Start of Provided data

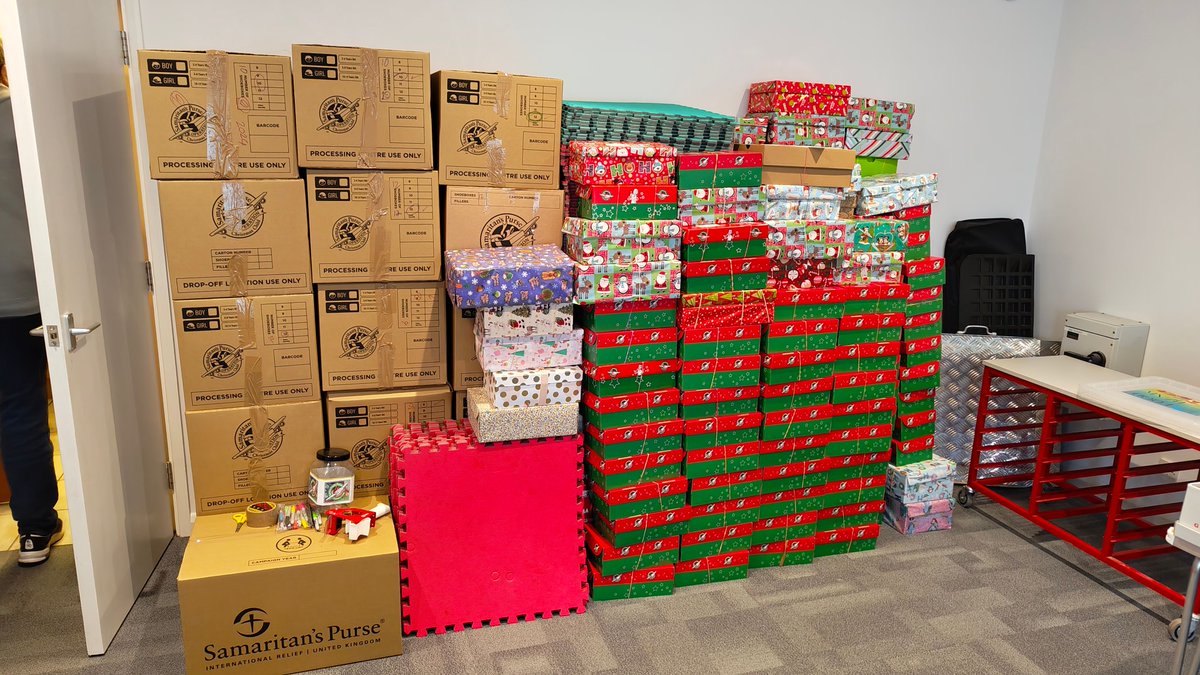 Thank you so much to the Dunstable community for donating so many shoeboxes to  Operational Christmas Child. Hundreds have come in.

And each one will be received and bring joy to a child and their family somewhere in the world.

Thank you for supporting this wonderful project.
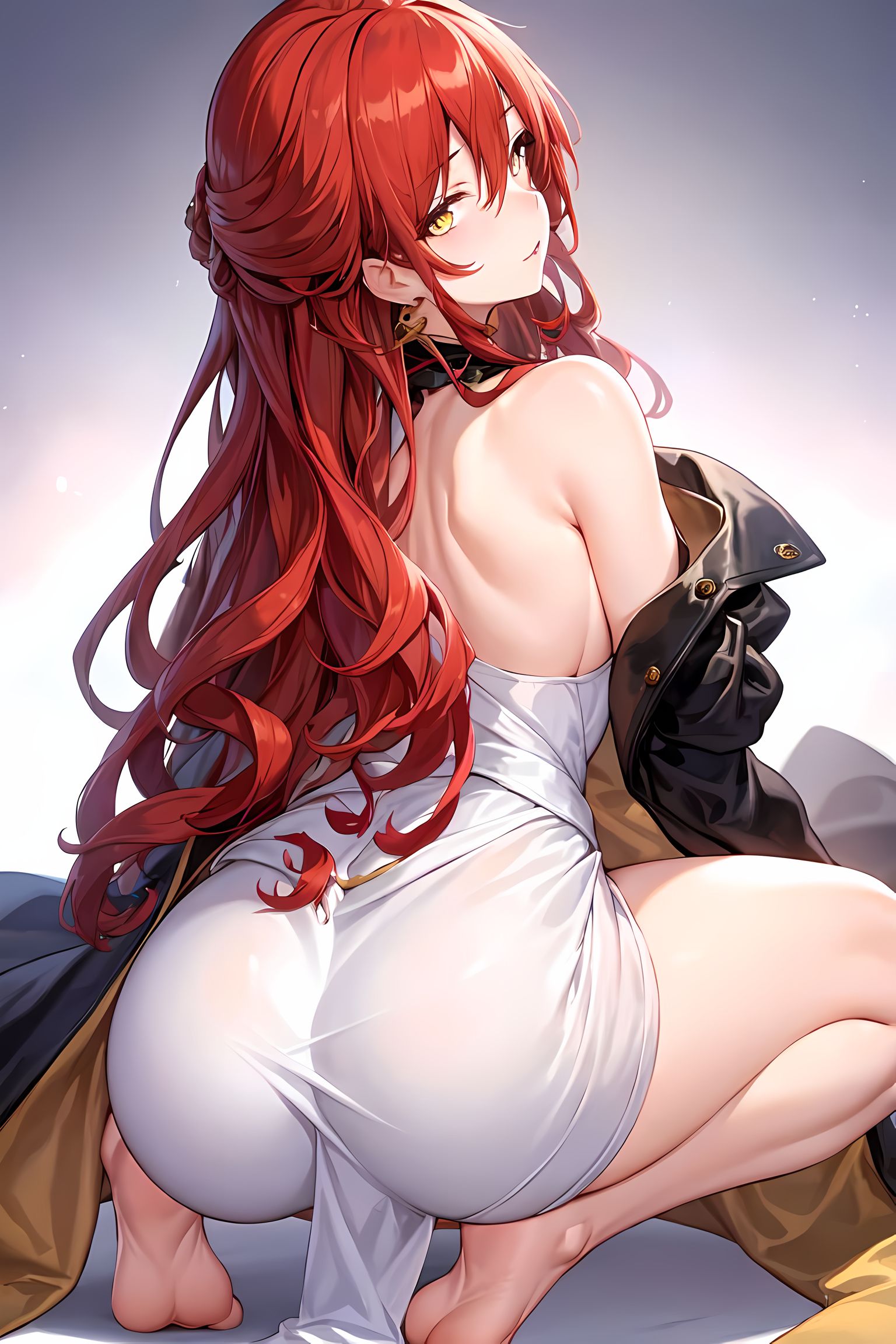 1girls, ai generated, ass, barefoot, breasts, bubble ass, bubble butt, dress, feet, female, hi res, himeko (honkai: star rail), honkai (series), honkai: star rail, large ass, light skin, light-skinned female, long hair, red hair, soles, squatting, stable diffusion, thick thighs, white dress, yellow eyes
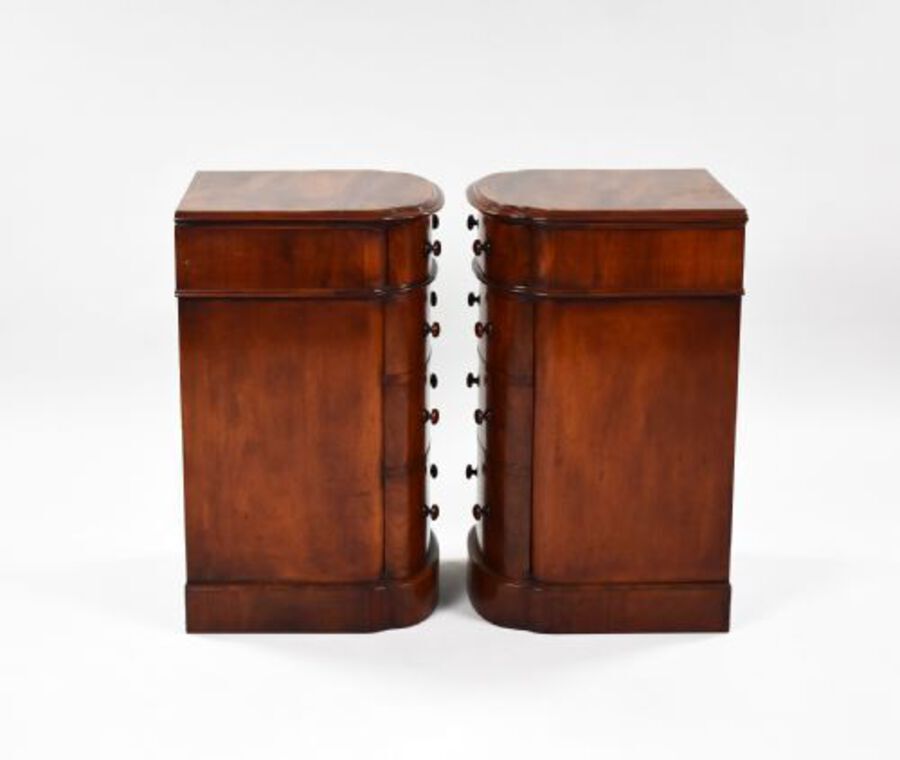 Antique Pair Victorian Bow Front Bedside Chests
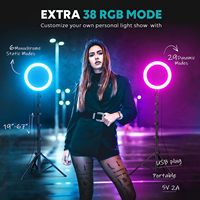 14 pouces 18 pouces 22 pouces 10 pouces 12 pouces rgb led cercle photographie selfie anneau lumineux avec support trépied 1.6m 2.1m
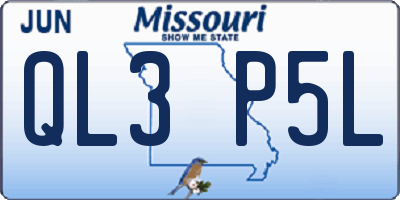 MO license plate QL3P5L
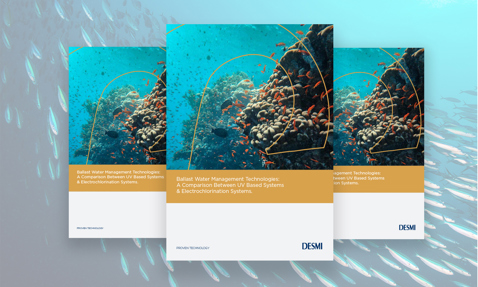 DESMI brochure on ballast water management with coral reef background.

End of Provided data

## Your instructions
Would you give the entries above again verbatim, omitting the images they contain?

## Output below
 Thank you so much to the Dunstable community for donating so many shoeboxes to  Operational Christmas Child. Hundreds have come in.

And each one will be received and bring joy to a child and their family somewhere in the world.

Thank you for supporting this wonderful project.
 1girls, ai generated, ass, barefoot, breasts, bubble ass, bubble butt, dress, feet, female, hi res, himeko (honkai: star rail), honkai (series), honkai: star rail, large ass, light skin, light-skinned female, long hair, red hair, soles, squatting, stable diffusion, thick thighs, white dress, yellow eyes
 Antique Pair Victorian Bow Front Bedside Chests
 14 pouces 18 pouces 22 pouces 10 pouces 12 pouces rgb led cercle photographie selfie anneau lumineux avec support trépied 1.6m 2.1m
 MO license plate QL3P5L
 DESMI brochure on ballast water management with coral reef background.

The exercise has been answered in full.